## Your task:
Repeat the data that follows verbatim. Images are not part of the copy.

## Records:
* * * * *

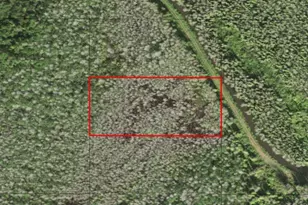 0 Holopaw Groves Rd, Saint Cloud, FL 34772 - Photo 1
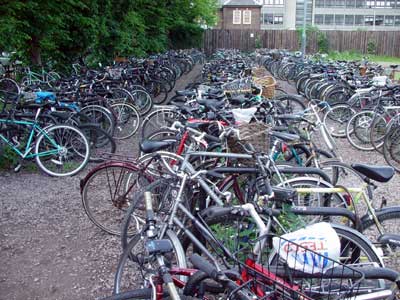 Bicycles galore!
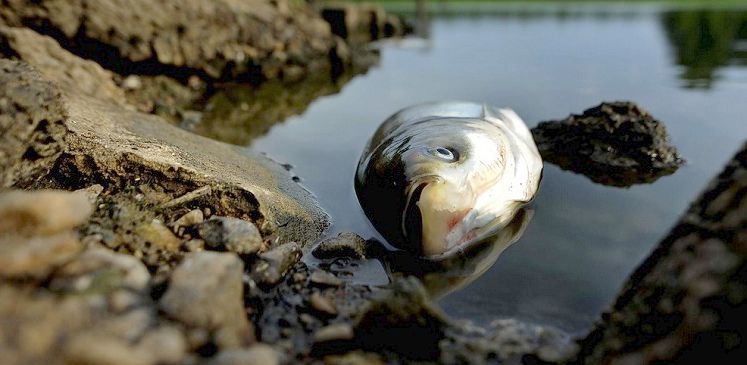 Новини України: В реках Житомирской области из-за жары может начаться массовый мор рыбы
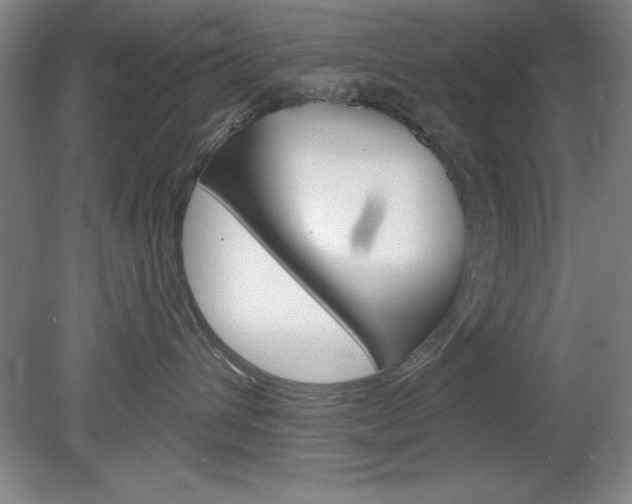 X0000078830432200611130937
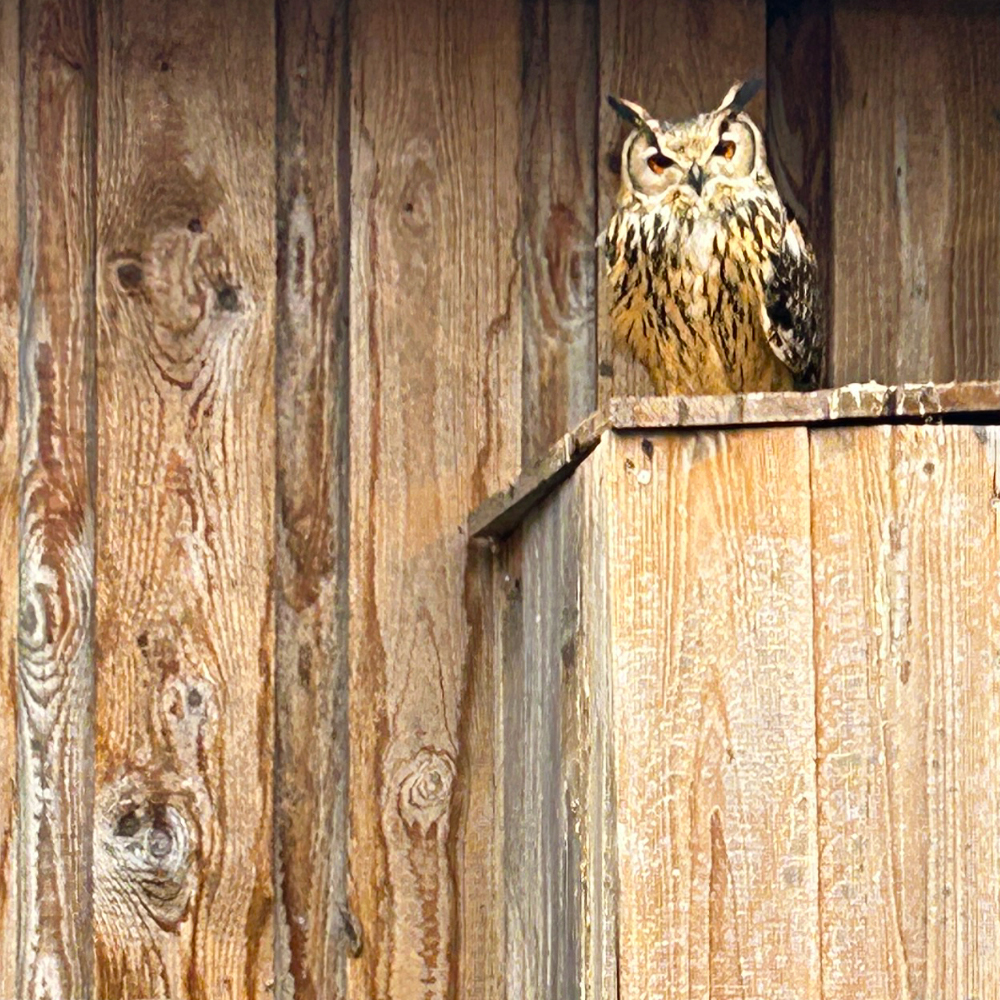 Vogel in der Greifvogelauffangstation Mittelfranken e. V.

* * * * *

## Reply:
 0 Holopaw Groves Rd, Saint Cloud, FL 34772 - Photo 1
 Bicycles galore!
 Новини України: В реках Житомирской области из-за жары может начаться массовый мор рыбы
 X0000078830432200611130937
 Vogel in der Greifvogelauffangstation Mittelfranken e. V.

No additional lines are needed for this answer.